SocialismToday           Socialist Party magazine

Issue 171 September 2013

South Africa: workers’ party breaks new ground

The mineworkers of the Xstrata Steelport mine were the first to arrive at the Sefateng Stadium in Atok for the launch of WASP (Workers and Socialist Party) in Limpopo. They have been on strike against racism for months and are fighting for re-instatement after the company sacked them. They toyi-toyied through the town carrying WASP banners and posters with their demands.

Over 700 people took part in the launch. Mineworkers from Bokoni and Steelport, community activists from different towns and youth sang: ‘Limpopo when we are united, we can do miracles’.

The Xstrata company is the first to set an example by retrenching the 2,000 workers who went on strike. They want to crush workers’ resistance. This is why WASP puts their case at the top of its agenda. WASP calls for a day of action and a Limpopo-wide general strike for their reinstatement, and for the creation of 100,000 jobs in the Sekhukuni platinum belt.

This was endorsed by the chairperson of the AMCU shop stewards’ committee at Xstrata, comrade Mohlala. He warned of the planned retrenchments of 250,000 workers in the next five years. The working class has to unite against this attack.
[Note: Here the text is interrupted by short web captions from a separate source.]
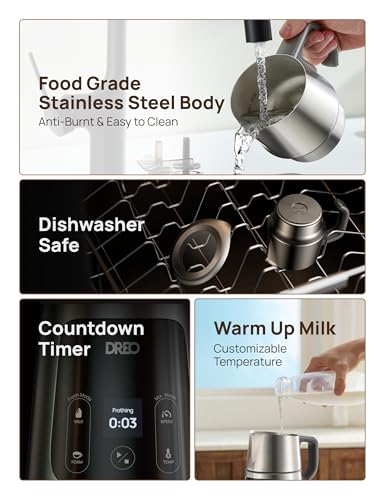 DREO Milk Frother, All-in-1 Electric Foam Maker for Coffee, 15oz/450ml Automatic Foam Frother for Latte Art-level Microfoam, 30+ Drinks, Easy to Clean, Dishwasher Safe, LED display - My Kitchen Products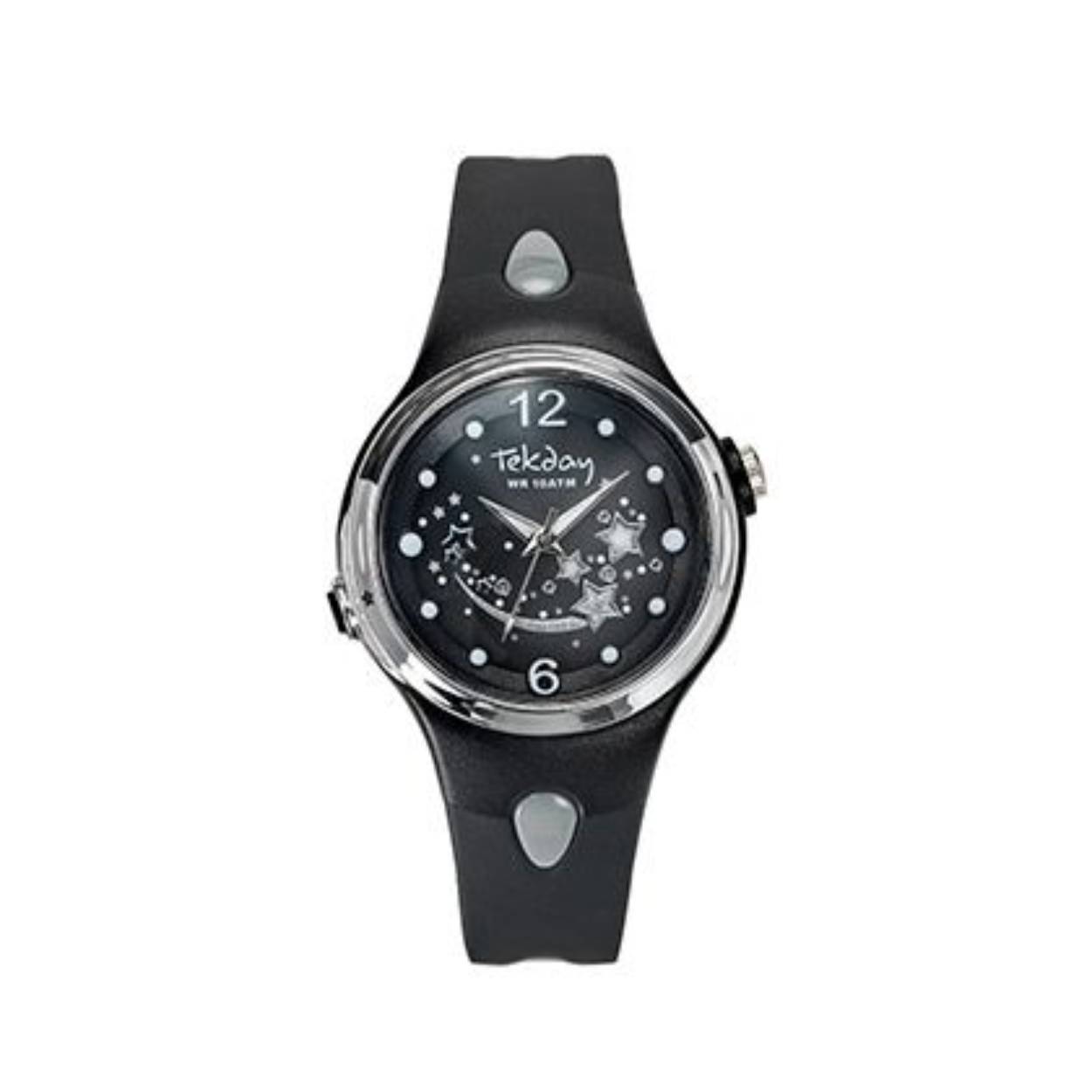 Analoog Tekday horloge. Siliconen band en tot 10 ATM waterdicht.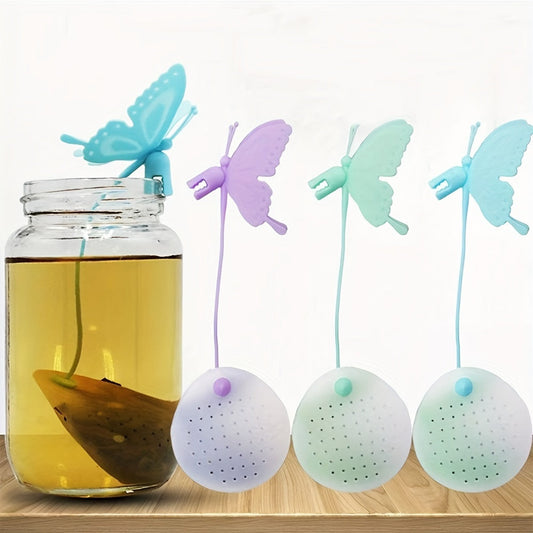 Transparent Butterfly-Shaped Silicone Tea Infuser - Reusable Loose Leaf Strainer for Home and Restaurant Use (1 piece)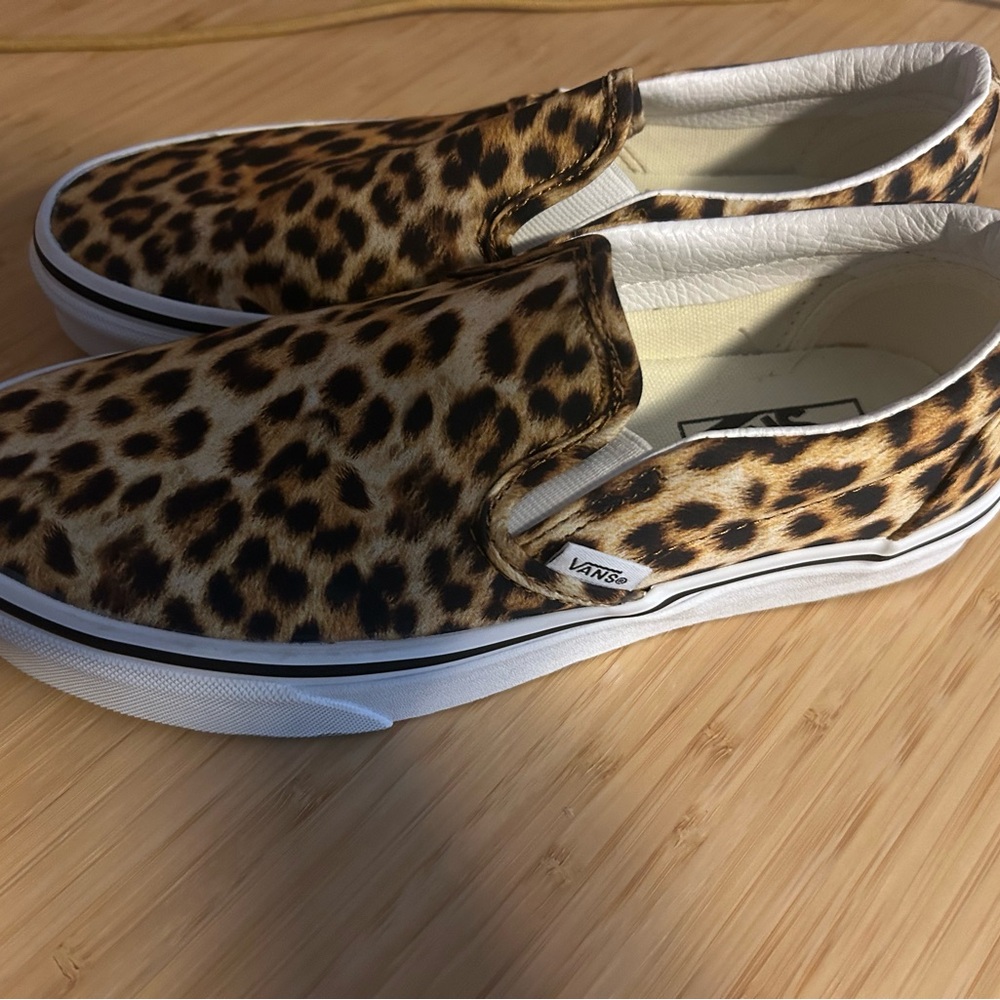 Vans Leopard Print Slip-On Sneakers in Brown and Black - Picture 2 of 4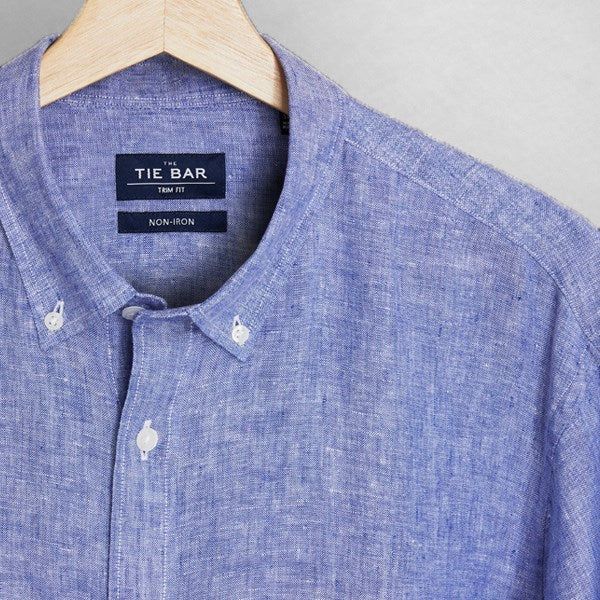 Linen Light Blue Non-Iron Casual Shirt sold by The Tie Bar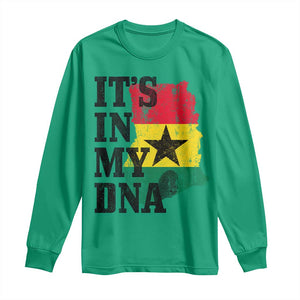 Its In My DNA Ghana Long Sleeve Shirt Proud Ghanaian Heritage Ghanese Roots Vintage Ghana Map Flag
Justice Malatji from the Bokoni Labour Forum spoke for the mineworkers of the region. He explained why they had no choice but to join new trade unions after they were sold out by the corrupt NUM leadership. The mining industry was not the only sector represented at the meeting. Liver Mngomezulu, deputy president of the National Transport Movement, a new militant union that split from the Cosatu affiliate, the SA Transport and Allied Workers Union, spoke for his union. He explained the need of all workers to unite under a mass workers’ party, and was warmly welcomed by the audience. Trevor Shaku from the Socialist Youth Movement explained how the creation of more jobs in the mines would help to solve the creeping problem of youth unemployment in the region.
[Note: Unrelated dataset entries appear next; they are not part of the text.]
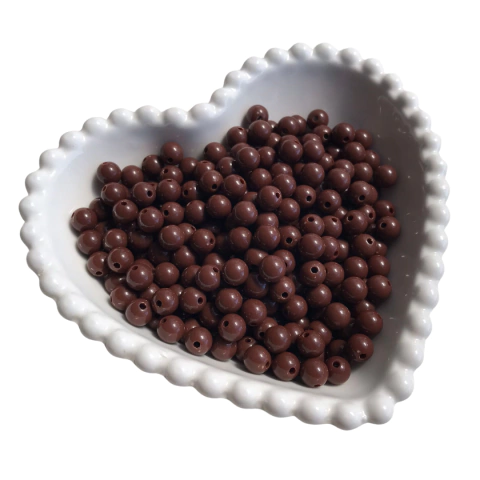 MIÇANGA BOLINHA LISA MARROM ESCURO (8MM) - 20 GRAMAS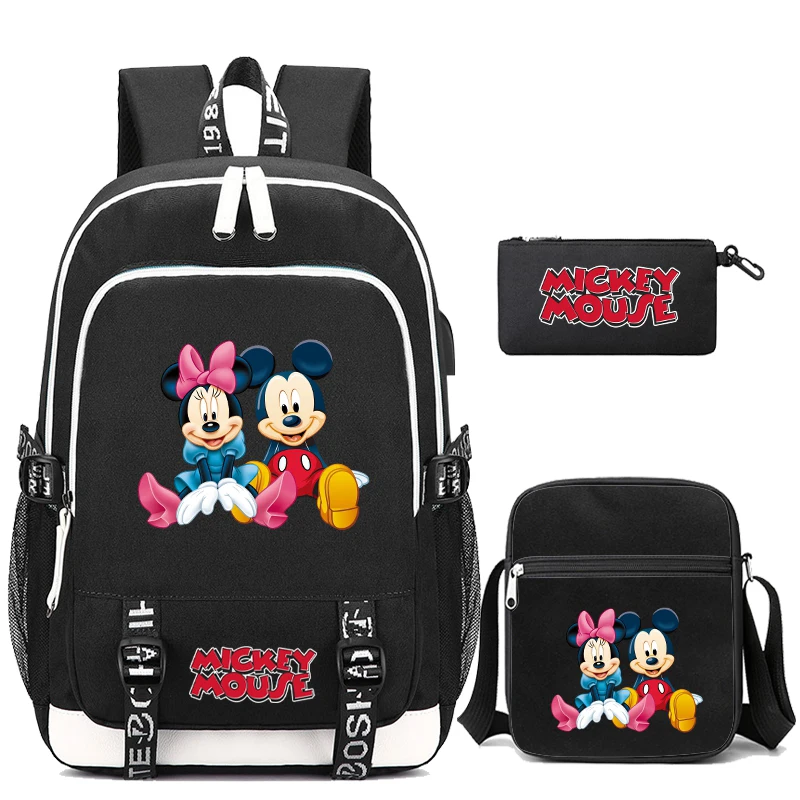 

3Pcs/set Disney Mickey Mouse Backpack Boy Girl Rucksacks Back To School Bookbag Teen Student Schoolbag Big Capacity Men Rucksack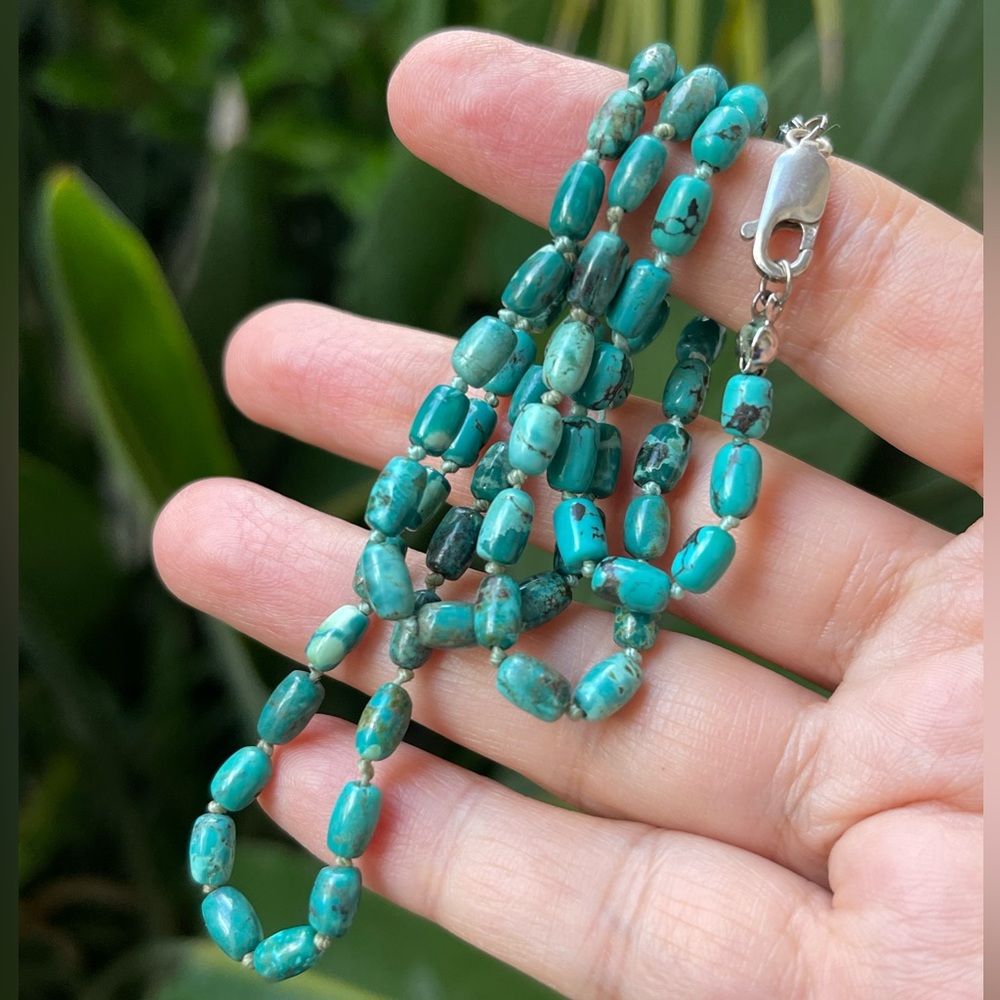 Natural Hubei barrel shaped turquoise bead solid sterling silver long necklace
Speakers saluted mineworkers from both unions present, GIWUSA and AMCU, calling for cross-union solidarity. It was emphasised that workers’ unity has to be established within and across the boundaries of each of the main battle grounds: service delivery protests, student struggles against financial exclusion and unaffordable tuition fees, and workplace action for better wages and working conditions, and against retrenchments.

Weizmann Hamilton, Democratic Socialist Movement (DSM) general secretary and member of the WASP interim committee, was the first to speak: "WASP was established to unify the struggles of the working class". His ferocious attacks on the ANC government’s pro-capitalist policies and his outline of WASP’s socialist principles and programme were frequently interrupted with applause from the workers.
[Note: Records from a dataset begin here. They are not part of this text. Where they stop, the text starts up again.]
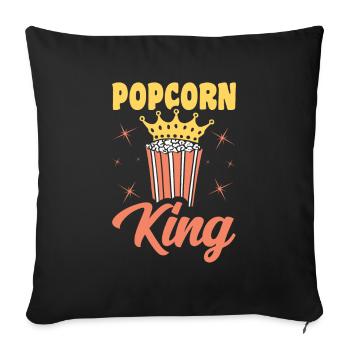 Popcorn King Lustiges Popped Corn Geschenk - Sofakissenbezug 45 x 45 cm - Schwarz - Vorne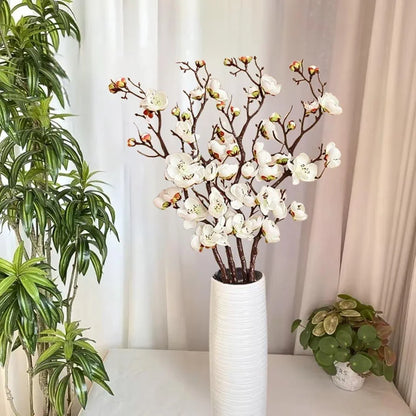 SATYAM KRAFT 3 Sticks Artificial Blossom Flower Bouquet Sticks for Home Decor, Bedroom, Living Room, Table, Balcony, Office, Wedding, Pooja, Anniversary Decorations – White 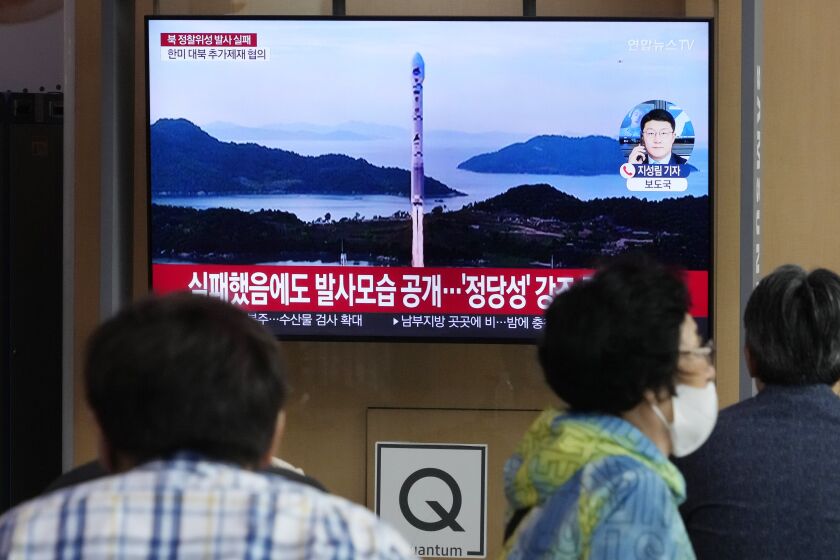 FILE - A TV screen shows an image of North Korea's rocket launch during a news program at the Seoul Railway Station in Seoul, South Korea, on June 1, 2023. The United States and its allies clashed with Russia and China on Friday, June, 2, over North Korea’s failed launch of a military spy satellite this week in violation of multiple U.N. Security Council resolutions, which Moscow and Beijing refused to condemn.(AP Photo/Ahn Young-joon)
Weizmann warned that the mine bosses are preparing an onslaught on the working class. They want to restore the balance of forces after the upheavals in the mining industry following the Marikana massacre. There is already a low intensity civil war going on in the mines. "WASP is the answer to these attacks", Weizmann told the audience.

The launch conference was closed by DSM spokesperson Liv Shange. She pointed out how much the capitalists are afraid of the power of the working class at the moment. They are afraid of the battles ahead but also of the outcome of the elections. But the establishment of WASP is not only for the elections but to unite the working class for the struggles to come and fight for a socialist society. The voices of singing workers echoed around the stadium: "The capitalists are shaking…"

The launch was undoubtedly a great success particularly since it represented a breakthrough into new ground. Until the Limpopo launch WASP’s presence in this province was limited to the Bokoni mine where it has been established by the workers’ committee. The strong presence of Xstrata workers was convincing evidence of the development of WASP. We have since been contacted by workers from all mines and other industries from all over the region who want WASP to help them form new, fighting, militant unions.